Two minutes after the victim sent the $5,000, he followed up with a bulk transfer of 509,000 USDT to the same incorrect address, bringing the total loss to a whopping $514,000.

According to the attack Flow timeline shared by CyversAlerts, the scammer put a lot of preparation into the effort, sending multiple small transactions from various similar addresses to poison the victim’s transaction history. In this way, they were able to fool the victim into thinking the fake address was legitimate when they copied it from their history.

Unfortunately, once confirmed onchain, funds lost to such scams are rarely recoverable. They prey on human error and “copy pasta” habits.

Victim lost $50M in December 2025

Last year, address poisoning scams contributed significantly to the millions of dollars lost to crypto scams. One of the biggest known losses was recorded in December.

That attack saw a seasoned trader fall victim, losing a shocking $50 million in a single transaction after they copied a fraudulent wallet address from their transaction history.

The victim transferred 49,999,950 USDT to the attacker-controlled address because it also closely mimicked their intended destination, with the first three and last four characters matching.

The scammer quickly converted the stolen funds to ETH and distributed them across multiple wallets. Then they partially funneled it through the Tornado Cash mixer.

According to reports, the victim’s wallet had been active for approximately two years and was primarily used for USDT transfers, with the stolen funds withdrawn from Binance shortly before the poisoned transfer occurred.

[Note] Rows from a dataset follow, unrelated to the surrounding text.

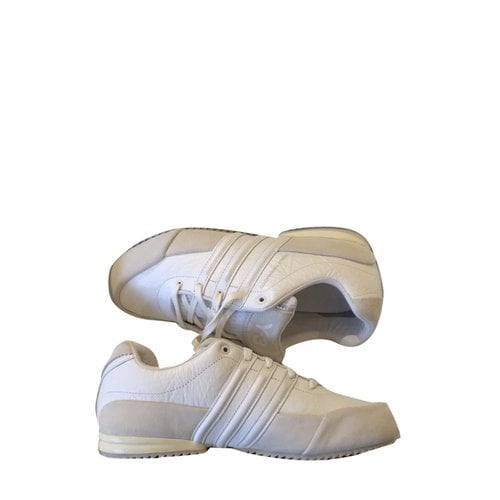 Pre-owned Y-3 Leather Low Trainers In Beige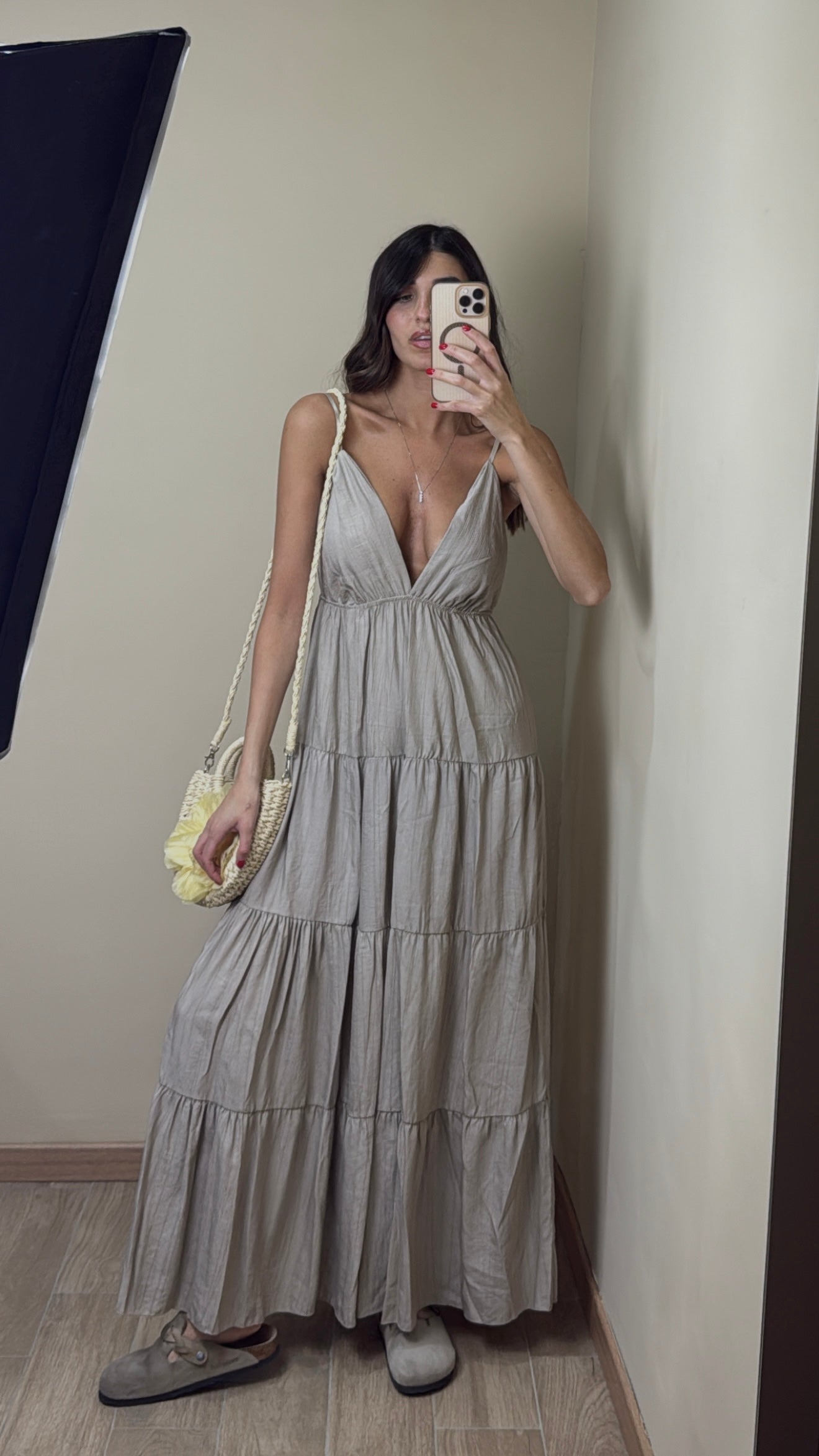 Dress Positano fango - LadyB Shop Online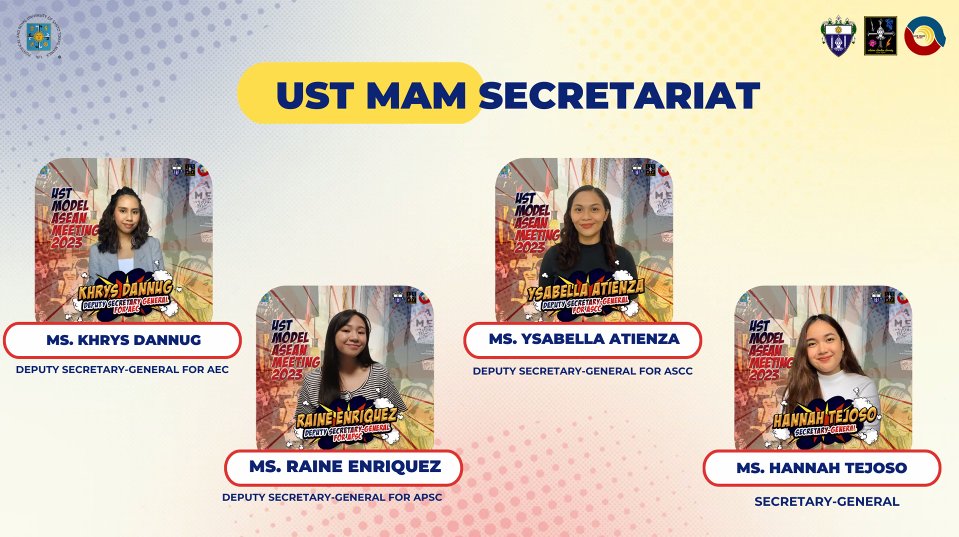 USTModelASEAN's tweet photo. We also give our warmest gratitude to all staff members of the UST MAM 2023 Steering Committee.
The successes and milestones we reached would have been impossible without all of your efforts.
β€οΈππ
Thank you, everyone.
#USTMAM2023
#USTMAMnifyingAt9
#SiyamWithUSTMAM
(2/2) https://t.co/xb7pzZxHbp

Like the person who lost $500K today, the victim from last year also sent a test transaction, but theirs actually went to the correct address. This made them not doublecheck when they pasted the address again from their transaction history to send the bulk of the funds.

It was one of the largest onchain scam losses in recent times. The victim followed up with an onchain message demanding a return of 98% of the stolen funds within 48 hours and backed it up with threats to involve law enforcement and legal entities, even offering the attacker a $1 million WHITE hat bounty if they returned the funds in full.

“This is your final opportunity to resolve this matter peacefully,” the message read. “If you fail to comply: we will escalate the matter through legal international law enforcement channels.”

However, as of the time of this writing, no response has come from the scammer, and there is no proof the funds were recovered.Since it was laundered via Tornado Cash, the trail quickly went cold and recovery is unlikely.